Third Ryzen 7 9800X3D burnout case appears, kills the CPU, and damages the motherboard socket

Ryzen 7 9800X3D.

Yesterday, on the PCMR subreddit, u/t0pli posted a photograph of a Ryzen 7 9800X3D, one of the best CPUs, with visibly damaged pin contacts and a motherboard socket scuffed in the same place.

This is the third report of a Ryzen 7 9800X3D burnout, although the two previous cases were on MSI X870 motherboards. Redditor u/t0pli's Ryzen 7 9800X3D was reportedly paired with an ASRock Nova x870E motherboard and had worked perfectly fine for the past three weeks until suddenly and spontaneously failing one day. The failure prompted the user to share the photographs and subsequent Reddit posting.

The incident could be an apparent case of the CPU failing. It happens more than you think. Considering how long the Ryzen 7 9800X3D worked before the burnout, it's a high possibility. Nonetheless, some further details reported by the user could point toward different issues.

For one, debris with differing colors from the surrounding environment seems to be stuck in the field of pins. The foreign material between the CPU and CPU pins could have contributed to a short-out. However, concluding what got stuck in the CPU socket is hard. It is possible that the electric error was severe enough to cause discoloration and material warping without any debris.

Another possible cause of the failure is a bent pin. The AM5 socket may have had one or two bent pins, which the user may have missed during installation. A bent pin touching the wrong CPU contact can also cause a short-out and explain the burn marks.

The Redditor confirmed that he only enabled the AMD EXPO profile for his memory. We can't definitely say EXPO was the culprit until the system is analyzed. However, there is a precedent of EXPO and SoC voltages killing previous Ryzen 7000 chips. However, those issues have been resolved, so that's not likely the case here with the Ryzen 7 9800X3D.

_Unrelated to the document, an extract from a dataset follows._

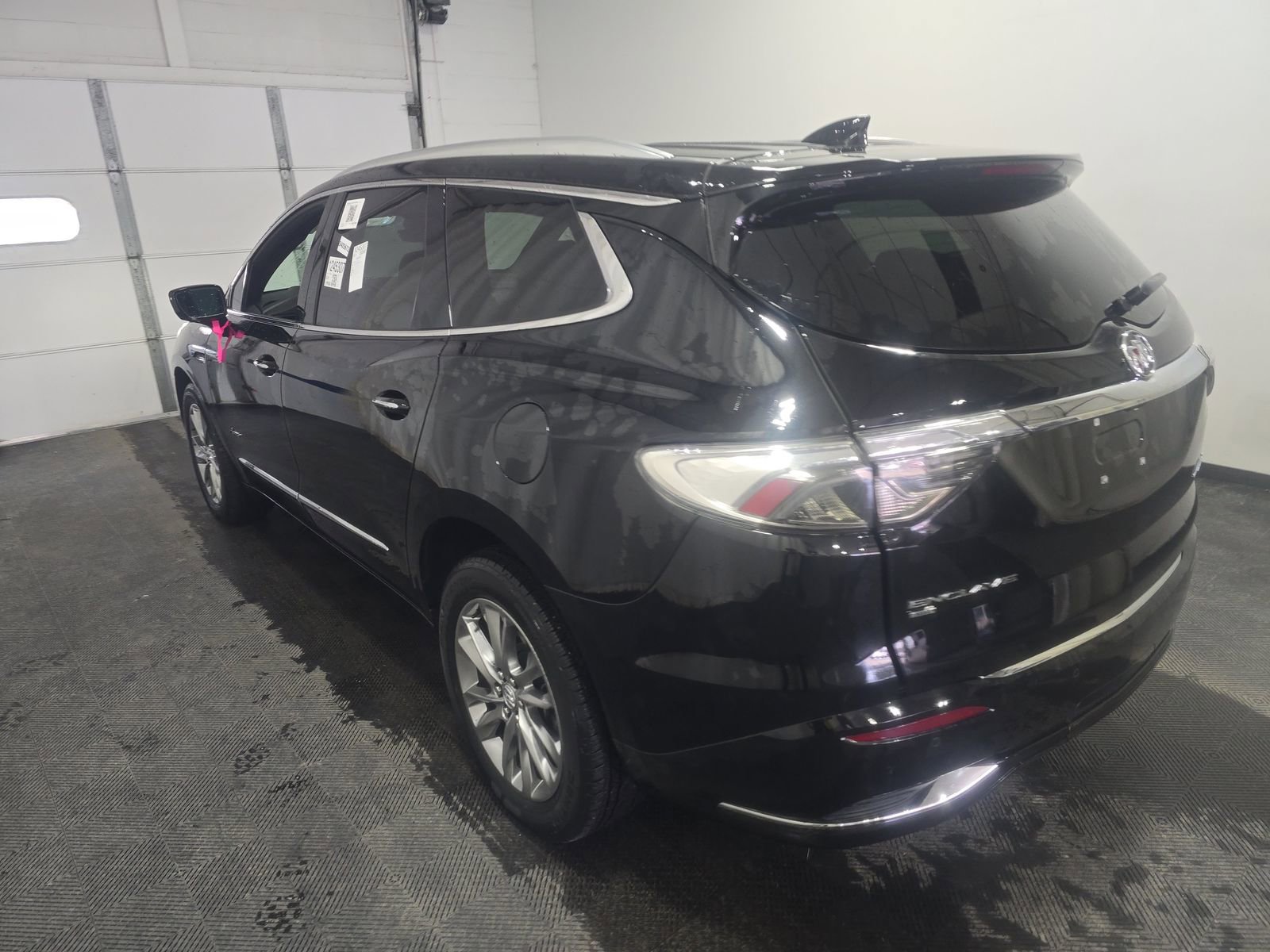 Used 2024 Buick Enclave Avenir w/ Avenir Technology Package image 16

Whatever the situation truly is, with the PC being sent to a repair shop to determine RMA status at the time of writing, it still seems odd that the CPU would enjoy seamless operation for a whole three weeks before spontaneously having a few pins melt and explode, especially if foreign material was already inside the CPU socket when it was mounted. One would reasonably assume that whatever the problem was here, it should result in a complete system crash much sooner than it did.